Just every now and gain – but not too often, we like to preen ourselves at being ahead of the game. Thus it was last Sunday that we ran a piece on the spat between Poland and Spain over the share-out of the eagerly awaited EU budget settlement.
Here we are now on the Wednesday and the same story is being carried by the Financial Times, a newspaper which, itself, is often in front of the pack.
The additional detail, however, makes the story worth revisiting, but the essence remains the same. Friction between Poland and Spain, says the FT – trailing in our wake - is jeopardising the efforts of poorer EU members to fight for a larger EU budget, to the delight of the six countries that pay more to Brussels than they get back.
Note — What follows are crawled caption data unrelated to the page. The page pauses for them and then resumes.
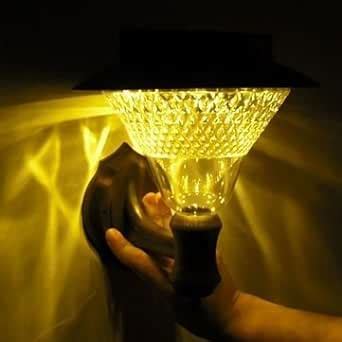 Generic Solar Power 16 Led Wall Light Outdoor Garden Yard Pathway ...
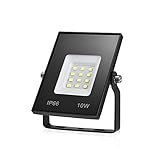 10W Mini Foco LED para Exteriores, 800LM Luz de Seguridad para Exteriores, Reflector de...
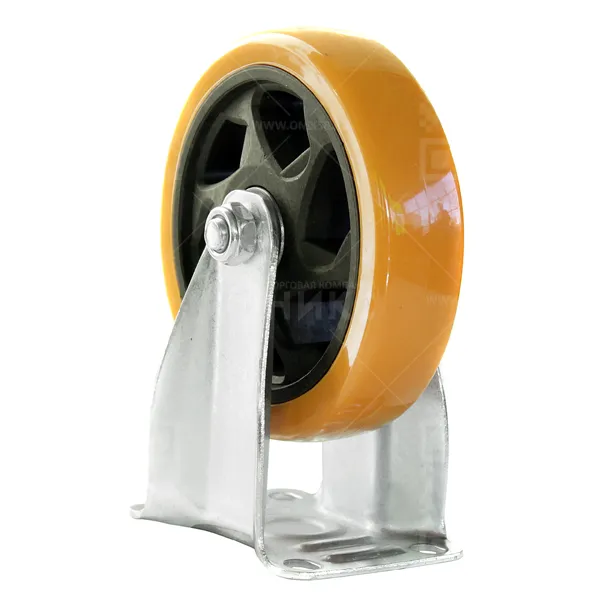 Колесная опора d125 неповоротное FCM 54, PVC, полиуретан (Medium) 4021125PVC г\п 110 кг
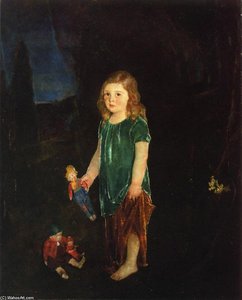 Girl With Dolls — Charles Webster Hawthorne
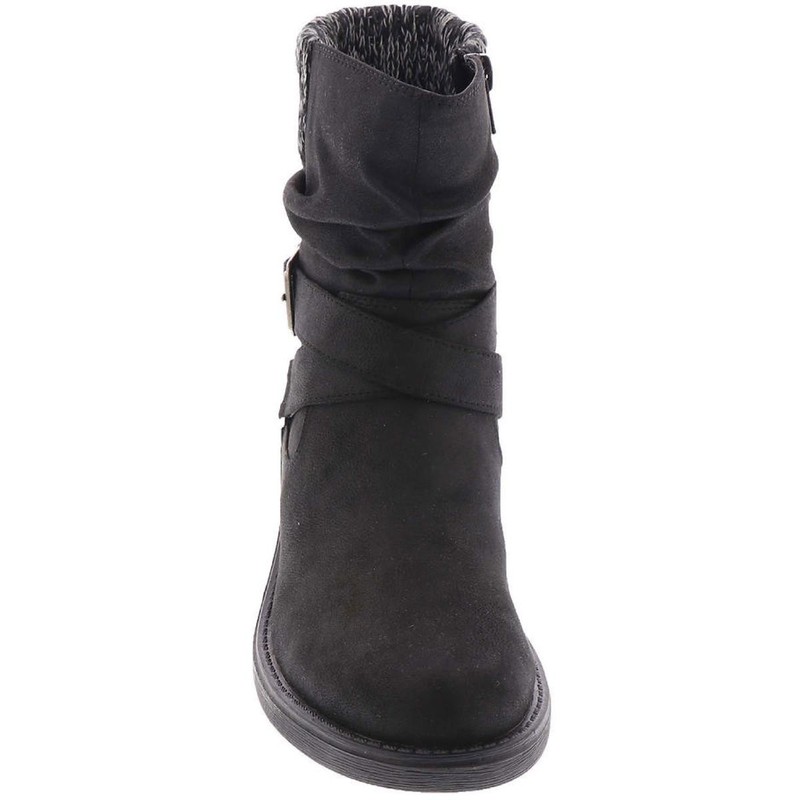 LifeStride Womens Katie Faux Leather Slouchy Pull On Ankle Boots Shoes BHFO 7612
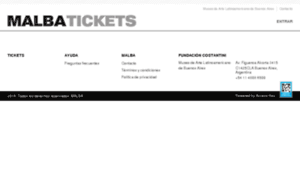Tickets.malba.org.ar thumbnail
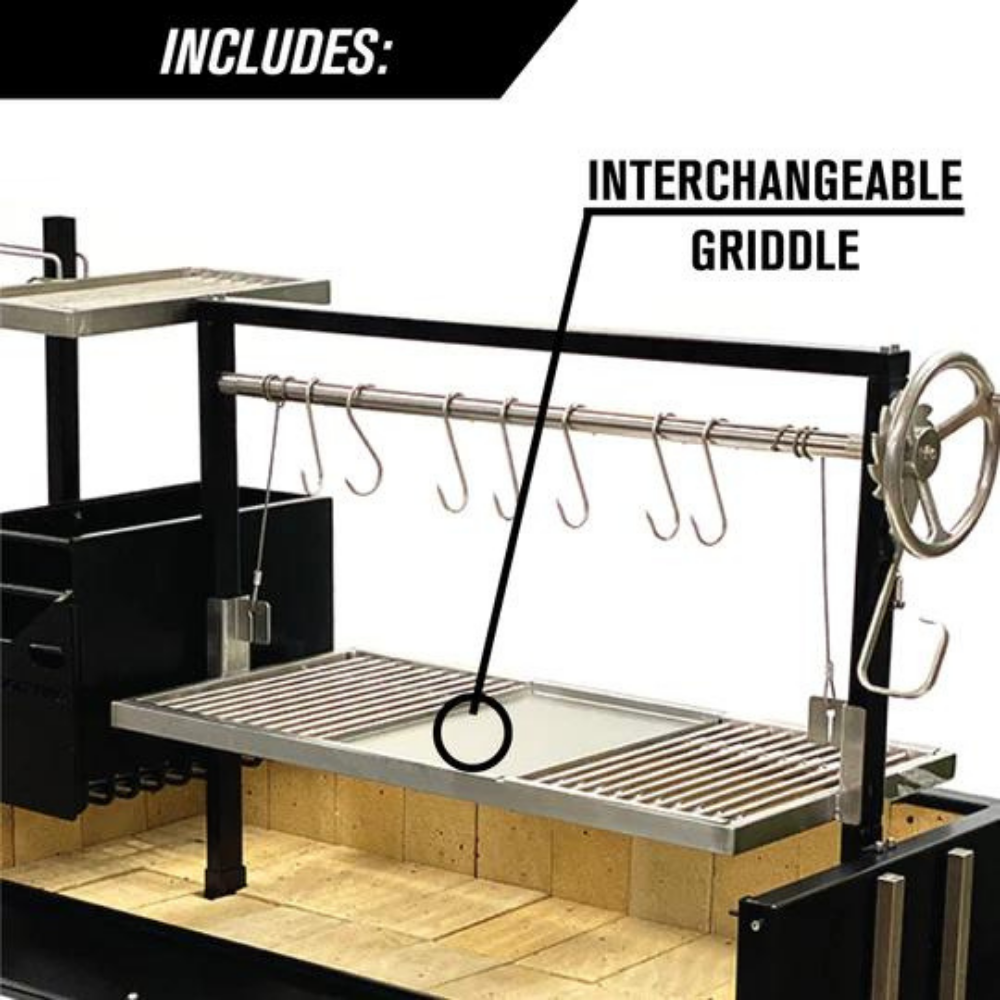 Tagwood BBQ Argentine Santa Maria Wood Fire & Charcoal Grill (BBQ03SI)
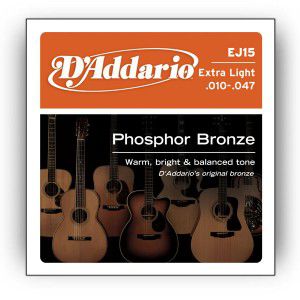 D`addario Ej15 Phosphor Bronze Extra Light 10-47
Both Spain and Poland are big net beneficiaries from the EU's €100bn annual budget, and were working together to fight for a big regional aid programme in the next budget, which runs from 2007-13. But when it became clear that the net contributers to the EU budget, including Britain, Germany and the Netherlands, wanted to divert development aid away from the so-called Club Med countries of southern Europe to the new members in the east, the alliance between Spain and Poland became strained.
What is interesting is the attempt to paper over the cracks, with Jaroslaw Pietras, Poland's European affairs minister, insisting that Warsaw and Madrid remain close, if abrasive, allies, but if the EU's aid budget shrinks, Poland will fight hard to protect its share of the money. "The Spanish have to recognise that without satisfying our interests they won't have our support," he says. That’s fighting talk, if ever I heard it.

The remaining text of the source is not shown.